El modelo en cuestión es el protagonista de un reality de Netflix, titulado De Cita en Cita, que debe de ser algo en la línea del extinto Mujeres y Hombres y viceversa, pero con más glamour y en formato docurreality.

Está bien que normalicemos que un padre pueda tomarse la baja por paternidad (por ejemplo), pero llevar el concepto de inclusividad hasta cualquier rincón de la vida para hacer de la estética una ética impuesta por la sociedad representa un importante retraso.

Y si les sabe esto a poco, no ha faltado una modelo trans, también embarazada, en esta campaña de la firma estadounidense. Una cosa es luchar por los derechos del colectivo LGTBI y denunciar la homofobia (algo con lo que comulgo totalmente), y otra muy distinta es hacer apología de algo irreal e imposible de producirse.

No termino de comprender en qué cabeza cabe la posibilidad de forzar la naturaleza creando un embarazo ficticio sólo para demostrarle al mundo que Calvin Klein apoya los nuevos modelos de familia. Entendería que saliera una pareja gay adoptando un niño (estén o no de acuerdo, en muchos países esto ya es posible); pero no estas imágenes carentes de sentido.

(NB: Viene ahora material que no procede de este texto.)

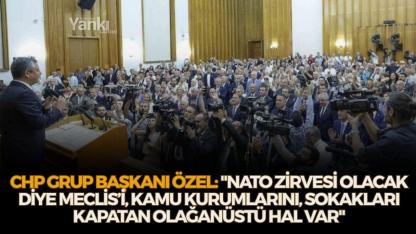 CHP Grup Başkanı Özel: "NATO zirvesi olacak diye Meclis’i, kamu kurumlarını, sokakları kapatan olağanüstü hal var"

Tampoco entraré en el debate de los haters que recuerdan que la marca fabrica sus productos en países basados en una cultura machista y en donde la homosexualidad es un delito. Si empezamos así, deberíamos dejar todos de vestir con marcas convencionales (desde unas Nike, hasta un vaquero de Zara o un polo de Ralph Lauren) y optar por la artesanía ‘made in Spain’ y fabricarnos nuestras propias prendas (algo que no sería mala idea del todo, con esto de la sostenibilidad…).

No contentos los directivos de marketing de Calvin Klein, estos han decidido bloquear a todo aquel que vomita su opinión contraria a la absurdez de semejante campaña. "Creemos que esta plataforma es un ambiente respetuoso para la individualidad y la expresión personal. En Calvin Klein lo toreamos todo, excepto la intolerancia, por lo que cualquier comentario que no sea tolerante será eliminado. Las cuentas que manden mensajes de odio serán bloqueadas", publicaban.

Estos son los nuevos valores de algunas marcas de moda: el hallazgo de la prensa fácil y polémica, para ser noticia a toda costa. Sería más propio que donaran una parte de las ventas a todas las madres sin recursos que no llegan a fin de mes o aquellas que recurren al aborto porque no saben cómo sostener a su futuro hijo. Esto sí es apoyar la vida, y no las tendencias. Esto sí es sostenibilidad: pero sostenibilidad de la vida, de lo humano y lo profundo. No que en invierno haga frío y en verano calor. Lo demás son tonterías.